RECORDED INFORMATION =>
"""

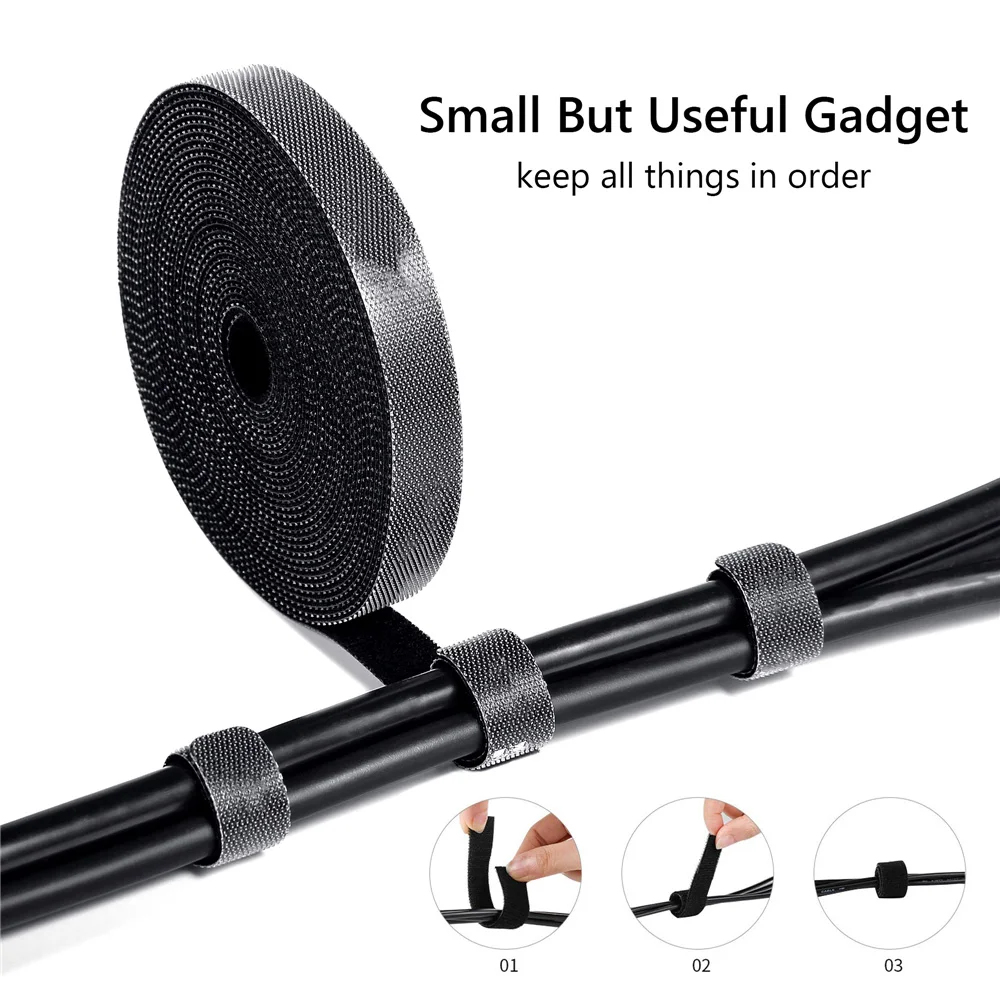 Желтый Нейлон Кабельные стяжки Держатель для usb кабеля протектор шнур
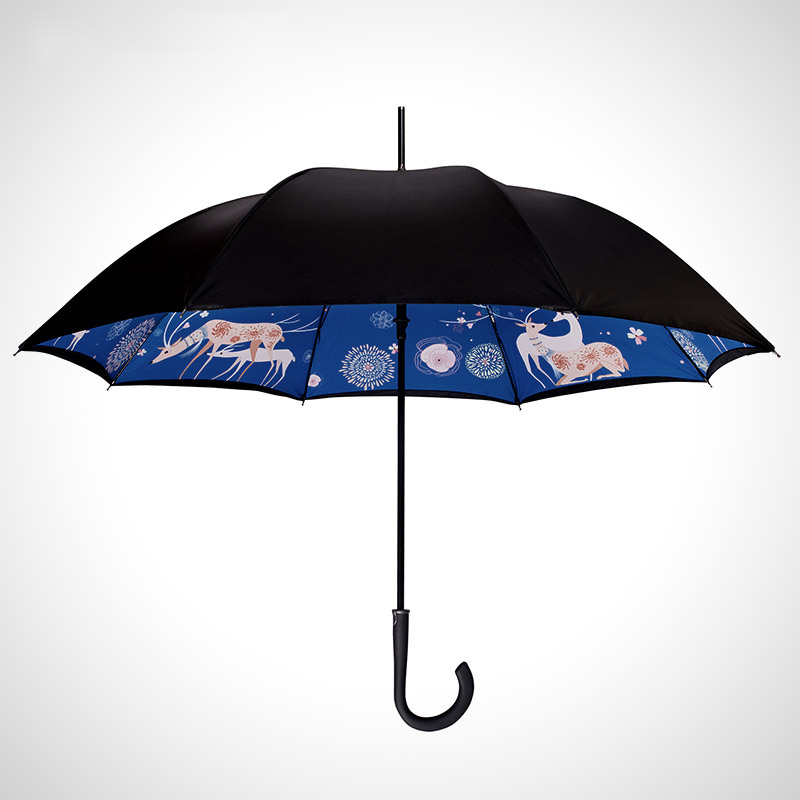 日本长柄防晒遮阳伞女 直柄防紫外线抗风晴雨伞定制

"""
"""

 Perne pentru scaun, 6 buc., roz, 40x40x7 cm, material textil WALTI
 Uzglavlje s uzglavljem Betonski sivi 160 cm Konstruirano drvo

"""

DIRECTIONS => Everything above from the line with "Желтый Нейлон Кабельные" through the line with "日本长柄防晒遮阳伞女 直柄防紫外线抗风晴雨伞定制" should be retyped exactly, and nothing else; omit pictures.

SOLUTION =>
 Желтый Нейлон Кабельные стяжки Держатель для usb кабеля протектор шнур
 日本长柄防晒遮阳伞女 直柄防紫外线抗风晴雨伞定制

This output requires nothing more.